Sean Bean Weighs in on Jon Snow’s ‘Game of Thrones’ Fate

Isn't it nice to have support from your 'father,' Jon? HBO

Isn't it nice to have support from your 'father,' Jon?

It's the question Game of Thrones fans have been asking ever since the show went off the air last summer: Did Jon Snow actually die?

The Lord Commander of the Night's Watch was seemingly killed off in the season five finale, "Mother's Mercy," betrayed and stabbed by fellow members of his organization. The final image of the season was Jon Snow (Kit Harington) flat on his back, blood pooling in the snow, his eyes staring heavenward.

What happens next? No one knows for sure, save for the cast and crew of Thrones, and author George R.R. Martin, the writer responsible for the A Song of Ice and Fire novels on which the HBO show is based. But everyone has their own theories about if and how Jon will return — including his own on-screen family members.

Case in point: Sean Bean, who played Jon's father Lord Eddard "Ned" Stark on the first season of the fantasy series.

Bean, no stranger to death throughout his career, and intimately familiar with the experience as far as Thrones goes (Ned's execution was the centerpiece jaw-dropper in season one, a declaration of what this show is willing to do with its principle players), has a take on what happened to Jon… and he doesn't think it looks good.

"It kind of didn't look like it, I have to admit, but who knows?" he said about whether or not he thinks Jon survived the season five stabbing. "Anything could happen.
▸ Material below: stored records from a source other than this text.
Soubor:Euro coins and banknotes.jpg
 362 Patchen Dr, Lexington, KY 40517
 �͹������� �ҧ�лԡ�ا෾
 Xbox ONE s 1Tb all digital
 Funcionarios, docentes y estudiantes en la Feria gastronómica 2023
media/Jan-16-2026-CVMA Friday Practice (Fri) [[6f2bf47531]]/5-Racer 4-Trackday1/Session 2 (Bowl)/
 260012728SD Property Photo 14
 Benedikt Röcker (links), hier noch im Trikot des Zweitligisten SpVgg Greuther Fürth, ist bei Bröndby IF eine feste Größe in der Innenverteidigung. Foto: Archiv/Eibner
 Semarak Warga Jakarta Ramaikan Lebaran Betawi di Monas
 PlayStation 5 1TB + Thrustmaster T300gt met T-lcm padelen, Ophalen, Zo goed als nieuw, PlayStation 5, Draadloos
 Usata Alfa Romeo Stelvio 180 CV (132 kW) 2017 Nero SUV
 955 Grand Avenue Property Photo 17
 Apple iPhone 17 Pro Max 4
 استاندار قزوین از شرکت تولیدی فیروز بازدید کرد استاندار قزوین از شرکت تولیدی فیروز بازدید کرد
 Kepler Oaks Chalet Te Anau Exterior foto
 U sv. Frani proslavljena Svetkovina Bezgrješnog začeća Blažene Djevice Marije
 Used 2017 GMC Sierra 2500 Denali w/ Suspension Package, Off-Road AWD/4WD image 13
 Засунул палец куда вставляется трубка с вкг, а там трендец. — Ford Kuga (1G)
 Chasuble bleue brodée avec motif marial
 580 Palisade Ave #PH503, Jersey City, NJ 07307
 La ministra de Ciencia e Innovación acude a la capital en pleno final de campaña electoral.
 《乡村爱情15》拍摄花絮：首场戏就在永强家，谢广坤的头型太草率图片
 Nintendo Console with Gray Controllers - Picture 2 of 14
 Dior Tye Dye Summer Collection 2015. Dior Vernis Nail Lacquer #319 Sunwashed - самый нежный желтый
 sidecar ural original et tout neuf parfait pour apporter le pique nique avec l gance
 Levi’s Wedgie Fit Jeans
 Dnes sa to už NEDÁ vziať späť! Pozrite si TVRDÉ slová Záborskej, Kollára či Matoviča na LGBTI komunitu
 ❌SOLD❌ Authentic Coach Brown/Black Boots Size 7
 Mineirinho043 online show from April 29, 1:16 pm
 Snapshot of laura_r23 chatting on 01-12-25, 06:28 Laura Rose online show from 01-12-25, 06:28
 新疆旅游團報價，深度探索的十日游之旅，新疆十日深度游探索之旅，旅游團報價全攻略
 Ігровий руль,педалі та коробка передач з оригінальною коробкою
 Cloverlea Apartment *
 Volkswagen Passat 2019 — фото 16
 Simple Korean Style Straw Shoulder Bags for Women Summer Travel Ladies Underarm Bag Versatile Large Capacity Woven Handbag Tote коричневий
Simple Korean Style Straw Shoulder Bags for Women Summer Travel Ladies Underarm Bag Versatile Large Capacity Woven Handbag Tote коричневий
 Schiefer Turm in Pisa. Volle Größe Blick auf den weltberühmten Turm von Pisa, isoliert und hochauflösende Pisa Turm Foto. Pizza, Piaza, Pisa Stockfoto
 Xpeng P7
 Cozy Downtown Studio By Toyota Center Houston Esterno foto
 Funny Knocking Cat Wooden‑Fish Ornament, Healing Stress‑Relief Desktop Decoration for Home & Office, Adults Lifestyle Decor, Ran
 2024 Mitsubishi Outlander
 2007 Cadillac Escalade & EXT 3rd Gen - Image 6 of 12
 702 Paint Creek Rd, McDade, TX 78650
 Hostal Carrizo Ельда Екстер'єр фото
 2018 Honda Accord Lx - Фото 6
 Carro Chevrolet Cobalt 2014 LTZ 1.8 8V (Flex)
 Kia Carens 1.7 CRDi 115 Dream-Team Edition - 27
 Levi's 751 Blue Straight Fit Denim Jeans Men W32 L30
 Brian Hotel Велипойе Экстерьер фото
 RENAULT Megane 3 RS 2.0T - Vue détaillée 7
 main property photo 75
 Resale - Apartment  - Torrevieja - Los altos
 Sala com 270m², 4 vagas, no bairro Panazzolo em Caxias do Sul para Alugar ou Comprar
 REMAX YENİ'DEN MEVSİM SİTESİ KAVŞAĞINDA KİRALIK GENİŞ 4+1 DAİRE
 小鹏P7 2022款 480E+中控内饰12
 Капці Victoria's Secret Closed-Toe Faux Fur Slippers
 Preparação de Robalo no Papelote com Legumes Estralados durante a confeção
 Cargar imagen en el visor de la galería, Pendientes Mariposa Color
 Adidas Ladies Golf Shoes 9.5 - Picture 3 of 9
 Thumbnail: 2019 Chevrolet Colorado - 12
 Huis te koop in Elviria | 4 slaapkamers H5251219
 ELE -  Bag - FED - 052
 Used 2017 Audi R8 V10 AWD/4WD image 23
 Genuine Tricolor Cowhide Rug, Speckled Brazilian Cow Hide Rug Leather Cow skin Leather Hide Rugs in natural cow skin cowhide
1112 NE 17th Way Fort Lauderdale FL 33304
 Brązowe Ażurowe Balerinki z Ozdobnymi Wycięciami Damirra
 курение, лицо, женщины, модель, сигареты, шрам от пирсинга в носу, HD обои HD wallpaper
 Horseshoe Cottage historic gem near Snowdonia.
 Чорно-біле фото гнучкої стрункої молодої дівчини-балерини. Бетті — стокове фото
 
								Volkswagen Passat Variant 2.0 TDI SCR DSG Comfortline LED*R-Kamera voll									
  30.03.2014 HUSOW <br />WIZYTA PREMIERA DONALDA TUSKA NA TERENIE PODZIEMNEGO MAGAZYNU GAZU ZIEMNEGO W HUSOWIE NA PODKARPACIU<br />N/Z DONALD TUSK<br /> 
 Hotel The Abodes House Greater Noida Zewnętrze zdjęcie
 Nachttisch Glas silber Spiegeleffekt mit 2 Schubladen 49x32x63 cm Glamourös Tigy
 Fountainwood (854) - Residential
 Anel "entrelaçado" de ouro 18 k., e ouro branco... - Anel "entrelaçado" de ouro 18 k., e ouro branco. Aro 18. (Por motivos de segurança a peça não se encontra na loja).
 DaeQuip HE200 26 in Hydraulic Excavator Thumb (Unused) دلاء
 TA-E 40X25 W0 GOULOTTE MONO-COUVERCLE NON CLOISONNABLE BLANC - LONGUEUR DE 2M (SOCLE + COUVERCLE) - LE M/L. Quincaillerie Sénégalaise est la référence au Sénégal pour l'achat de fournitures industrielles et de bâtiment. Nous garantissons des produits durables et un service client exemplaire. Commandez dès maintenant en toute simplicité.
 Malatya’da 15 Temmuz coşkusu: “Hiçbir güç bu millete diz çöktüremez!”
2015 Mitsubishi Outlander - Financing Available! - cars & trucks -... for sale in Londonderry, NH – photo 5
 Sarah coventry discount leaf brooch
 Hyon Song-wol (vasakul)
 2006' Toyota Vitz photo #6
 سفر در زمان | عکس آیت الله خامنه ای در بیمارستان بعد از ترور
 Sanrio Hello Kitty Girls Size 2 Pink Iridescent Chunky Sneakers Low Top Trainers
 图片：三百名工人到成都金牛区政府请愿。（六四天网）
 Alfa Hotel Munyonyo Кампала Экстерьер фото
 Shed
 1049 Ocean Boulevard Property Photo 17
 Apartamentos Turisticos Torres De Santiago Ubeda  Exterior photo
I guess that's the big question."

"It used to be: Who's Jon Snow's dad? Now it's: Is Jon Snow really dead? But I think he probably is. What do I know?"

Many fans share Bean's assessment of Jon's fate, both in terms of the prediction that the character died and the ultimate uncertainty that goes with the "death." But many of those same fans also believe the character will somehow return from the grave in the forthcoming sixth season. If Jon is resurrected, the plot development would technically fall in line with the company line that he's deader than dead.

Also worth noting is how Bean discusses the mysteries behind Jon's parentage. As far as the people of Westeros know, Ned is Jon's father; no mystery there. It's his mother that Ned refuses to identify.

But savvy fans and crackpot theorists have long held onto the notion that Ned is not Jon's dad as we've been led to believe. Instead, the theory posits Ned's dead sister Lyanna and the long deceased prince Rhaegar Targaryen as Jon's true parents.

Such lineage would leave Jon with both ice and fire coursing through his veins, a huge part of why fans believe there's more story to tell with the "late" Lord Commander.

There's reason to believe this aspect of Jon's past will come into play on the show as soon as next season, and while it's a throwaway comment, Bean framing the mystery as "Who's Jon Snow's dad?" rather than "Who's Jon Snow's mom?" should raise any already arched eyebrows a little higher.